● Problem to solve:
Please retype, unchanged, each line from the top of the material below through the line where "ideas with new" appears.

● Records:
-----
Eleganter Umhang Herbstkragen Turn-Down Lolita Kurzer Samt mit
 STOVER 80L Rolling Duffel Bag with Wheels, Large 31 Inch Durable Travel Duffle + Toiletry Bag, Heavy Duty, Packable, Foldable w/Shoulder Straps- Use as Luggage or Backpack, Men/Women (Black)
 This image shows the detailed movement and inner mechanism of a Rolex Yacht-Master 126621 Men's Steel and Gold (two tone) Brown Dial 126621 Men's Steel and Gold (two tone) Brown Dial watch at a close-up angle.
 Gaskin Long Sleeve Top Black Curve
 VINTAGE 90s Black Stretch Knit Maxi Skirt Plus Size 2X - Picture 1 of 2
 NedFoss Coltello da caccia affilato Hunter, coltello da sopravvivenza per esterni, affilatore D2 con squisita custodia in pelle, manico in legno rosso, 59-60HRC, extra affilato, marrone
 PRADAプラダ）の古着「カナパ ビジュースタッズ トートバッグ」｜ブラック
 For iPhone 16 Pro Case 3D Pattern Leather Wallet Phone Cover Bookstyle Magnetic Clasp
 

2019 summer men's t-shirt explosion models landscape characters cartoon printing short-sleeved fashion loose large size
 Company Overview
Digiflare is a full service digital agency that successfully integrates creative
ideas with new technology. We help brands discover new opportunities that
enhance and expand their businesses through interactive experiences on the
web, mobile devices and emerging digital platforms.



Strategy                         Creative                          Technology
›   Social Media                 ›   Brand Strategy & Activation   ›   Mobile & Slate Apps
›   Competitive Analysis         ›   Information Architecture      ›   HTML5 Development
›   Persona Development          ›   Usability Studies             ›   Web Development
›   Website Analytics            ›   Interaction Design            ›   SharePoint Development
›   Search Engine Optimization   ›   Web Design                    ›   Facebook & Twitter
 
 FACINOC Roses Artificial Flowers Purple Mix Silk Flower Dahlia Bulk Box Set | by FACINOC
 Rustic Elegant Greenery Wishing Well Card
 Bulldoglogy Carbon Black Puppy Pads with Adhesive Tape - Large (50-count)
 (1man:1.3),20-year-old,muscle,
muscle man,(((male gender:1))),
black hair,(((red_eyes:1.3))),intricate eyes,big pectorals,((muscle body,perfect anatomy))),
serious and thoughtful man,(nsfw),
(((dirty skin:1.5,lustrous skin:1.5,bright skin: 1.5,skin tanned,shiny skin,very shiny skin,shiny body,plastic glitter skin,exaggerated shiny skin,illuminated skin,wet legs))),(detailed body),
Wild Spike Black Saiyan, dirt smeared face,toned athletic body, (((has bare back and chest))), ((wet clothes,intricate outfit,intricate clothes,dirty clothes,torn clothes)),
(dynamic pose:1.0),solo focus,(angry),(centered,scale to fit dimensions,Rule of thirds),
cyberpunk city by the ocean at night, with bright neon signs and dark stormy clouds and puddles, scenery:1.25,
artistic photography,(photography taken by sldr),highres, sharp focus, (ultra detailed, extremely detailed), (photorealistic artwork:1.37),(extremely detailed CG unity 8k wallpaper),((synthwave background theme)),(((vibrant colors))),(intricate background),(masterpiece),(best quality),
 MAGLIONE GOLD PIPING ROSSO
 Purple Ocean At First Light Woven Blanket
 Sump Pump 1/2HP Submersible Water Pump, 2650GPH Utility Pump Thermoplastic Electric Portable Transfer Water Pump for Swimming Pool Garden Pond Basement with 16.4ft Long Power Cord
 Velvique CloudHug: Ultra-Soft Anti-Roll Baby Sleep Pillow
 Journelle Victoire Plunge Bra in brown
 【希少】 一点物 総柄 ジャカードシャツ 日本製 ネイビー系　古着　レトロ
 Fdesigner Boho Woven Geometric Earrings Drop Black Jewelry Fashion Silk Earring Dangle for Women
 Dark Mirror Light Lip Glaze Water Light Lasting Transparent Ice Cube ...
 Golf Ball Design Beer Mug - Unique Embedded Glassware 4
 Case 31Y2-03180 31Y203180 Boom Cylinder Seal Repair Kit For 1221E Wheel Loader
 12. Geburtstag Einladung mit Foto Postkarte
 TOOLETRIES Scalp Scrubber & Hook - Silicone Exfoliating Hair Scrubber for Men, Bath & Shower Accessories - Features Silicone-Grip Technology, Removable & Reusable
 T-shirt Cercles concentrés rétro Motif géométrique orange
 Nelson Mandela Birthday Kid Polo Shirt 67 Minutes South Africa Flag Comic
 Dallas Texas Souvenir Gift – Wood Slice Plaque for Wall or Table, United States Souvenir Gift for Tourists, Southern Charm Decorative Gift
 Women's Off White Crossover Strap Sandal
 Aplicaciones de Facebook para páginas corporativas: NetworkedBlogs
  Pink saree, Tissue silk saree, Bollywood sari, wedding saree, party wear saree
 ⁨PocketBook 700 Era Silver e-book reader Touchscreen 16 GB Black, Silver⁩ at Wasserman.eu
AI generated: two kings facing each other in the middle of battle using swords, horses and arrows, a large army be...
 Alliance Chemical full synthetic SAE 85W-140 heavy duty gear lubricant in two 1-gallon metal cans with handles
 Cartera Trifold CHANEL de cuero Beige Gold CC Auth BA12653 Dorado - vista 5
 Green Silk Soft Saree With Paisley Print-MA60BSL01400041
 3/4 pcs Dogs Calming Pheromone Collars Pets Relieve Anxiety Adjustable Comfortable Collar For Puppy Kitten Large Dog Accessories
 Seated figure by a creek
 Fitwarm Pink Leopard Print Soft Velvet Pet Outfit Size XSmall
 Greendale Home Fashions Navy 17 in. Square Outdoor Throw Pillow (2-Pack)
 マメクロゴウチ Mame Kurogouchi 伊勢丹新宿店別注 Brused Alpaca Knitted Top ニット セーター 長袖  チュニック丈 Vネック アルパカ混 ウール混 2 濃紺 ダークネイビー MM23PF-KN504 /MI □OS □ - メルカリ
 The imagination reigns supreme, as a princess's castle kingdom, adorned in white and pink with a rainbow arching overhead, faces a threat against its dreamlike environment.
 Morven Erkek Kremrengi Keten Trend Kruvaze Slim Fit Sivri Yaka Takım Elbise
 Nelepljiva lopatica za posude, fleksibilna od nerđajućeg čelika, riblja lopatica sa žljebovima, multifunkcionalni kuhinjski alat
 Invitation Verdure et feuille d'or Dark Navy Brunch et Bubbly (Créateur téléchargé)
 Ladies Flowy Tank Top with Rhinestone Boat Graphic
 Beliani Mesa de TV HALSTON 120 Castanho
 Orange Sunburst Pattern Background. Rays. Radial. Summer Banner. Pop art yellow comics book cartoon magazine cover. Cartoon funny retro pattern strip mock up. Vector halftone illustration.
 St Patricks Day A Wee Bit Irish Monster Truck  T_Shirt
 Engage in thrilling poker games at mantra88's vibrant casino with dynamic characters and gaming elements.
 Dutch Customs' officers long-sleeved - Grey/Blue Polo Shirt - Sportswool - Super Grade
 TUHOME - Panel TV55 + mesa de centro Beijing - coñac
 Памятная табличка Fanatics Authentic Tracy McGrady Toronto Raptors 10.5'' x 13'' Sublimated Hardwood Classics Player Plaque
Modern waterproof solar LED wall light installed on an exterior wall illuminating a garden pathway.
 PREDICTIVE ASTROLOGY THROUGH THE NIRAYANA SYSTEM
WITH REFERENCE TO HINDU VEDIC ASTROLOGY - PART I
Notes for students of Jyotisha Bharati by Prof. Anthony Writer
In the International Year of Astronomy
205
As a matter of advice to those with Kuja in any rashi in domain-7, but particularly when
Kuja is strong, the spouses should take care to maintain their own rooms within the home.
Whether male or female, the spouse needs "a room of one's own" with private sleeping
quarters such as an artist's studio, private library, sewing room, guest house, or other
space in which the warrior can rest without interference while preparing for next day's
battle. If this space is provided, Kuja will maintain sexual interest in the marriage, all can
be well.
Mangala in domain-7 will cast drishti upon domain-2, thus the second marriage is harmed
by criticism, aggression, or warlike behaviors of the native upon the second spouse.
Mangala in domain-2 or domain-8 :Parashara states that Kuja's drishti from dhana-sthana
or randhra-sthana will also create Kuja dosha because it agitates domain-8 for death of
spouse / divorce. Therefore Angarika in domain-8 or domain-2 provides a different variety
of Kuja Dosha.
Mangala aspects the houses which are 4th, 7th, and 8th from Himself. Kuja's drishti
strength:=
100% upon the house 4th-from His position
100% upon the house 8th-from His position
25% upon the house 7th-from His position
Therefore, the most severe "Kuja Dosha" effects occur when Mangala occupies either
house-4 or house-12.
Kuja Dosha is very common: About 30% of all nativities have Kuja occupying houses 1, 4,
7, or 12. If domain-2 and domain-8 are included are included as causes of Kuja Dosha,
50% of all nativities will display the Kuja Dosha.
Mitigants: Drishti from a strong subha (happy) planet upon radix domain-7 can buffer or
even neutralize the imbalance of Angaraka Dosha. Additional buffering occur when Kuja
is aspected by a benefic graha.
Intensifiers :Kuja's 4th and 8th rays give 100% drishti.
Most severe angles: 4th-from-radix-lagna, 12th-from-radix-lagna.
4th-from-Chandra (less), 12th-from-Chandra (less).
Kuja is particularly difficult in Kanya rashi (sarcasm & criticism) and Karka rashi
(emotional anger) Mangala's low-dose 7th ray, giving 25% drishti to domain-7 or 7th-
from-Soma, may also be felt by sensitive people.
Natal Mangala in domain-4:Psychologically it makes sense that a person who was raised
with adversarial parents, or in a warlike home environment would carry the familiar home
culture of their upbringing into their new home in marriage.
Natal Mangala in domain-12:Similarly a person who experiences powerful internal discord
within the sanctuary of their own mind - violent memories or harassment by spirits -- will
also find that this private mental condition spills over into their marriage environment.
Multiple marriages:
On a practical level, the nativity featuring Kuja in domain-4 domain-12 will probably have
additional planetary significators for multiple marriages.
-----
● Response:
Eleganter Umhang Herbstkragen Turn-Down Lolita Kurzer Samt mit
 STOVER 80L Rolling Duffel Bag with Wheels, Large 31 Inch Durable Travel Duffle + Toiletry Bag, Heavy Duty, Packable, Foldable w/Shoulder Straps- Use as Luggage or Backpack, Men/Women (Black)
 This image shows the detailed movement and inner mechanism of a Rolex Yacht-Master 126621 Men's Steel and Gold (two tone) Brown Dial 126621 Men's Steel and Gold (two tone) Brown Dial watch at a close-up angle.
 Gaskin Long Sleeve Top Black Curve
 VINTAGE 90s Black Stretch Knit Maxi Skirt Plus Size 2X - Picture 1 of 2
 NedFoss Coltello da caccia affilato Hunter, coltello da sopravvivenza per esterni, affilatore D2 con squisita custodia in pelle, manico in legno rosso, 59-60HRC, extra affilato, marrone
 PRADAプラダ）の古着「カナパ ビジュースタッズ トートバッグ」｜ブラック
 For iPhone 16 Pro Case 3D Pattern Leather Wallet Phone Cover Bookstyle Magnetic Clasp
 

2019 summer men's t-shirt explosion models landscape characters cartoon printing short-sleeved fashion loose large size
 Company Overview
Digiflare is a full service digital agency that successfully integrates creative
ideas with new technology. We help brands discover new opportunities that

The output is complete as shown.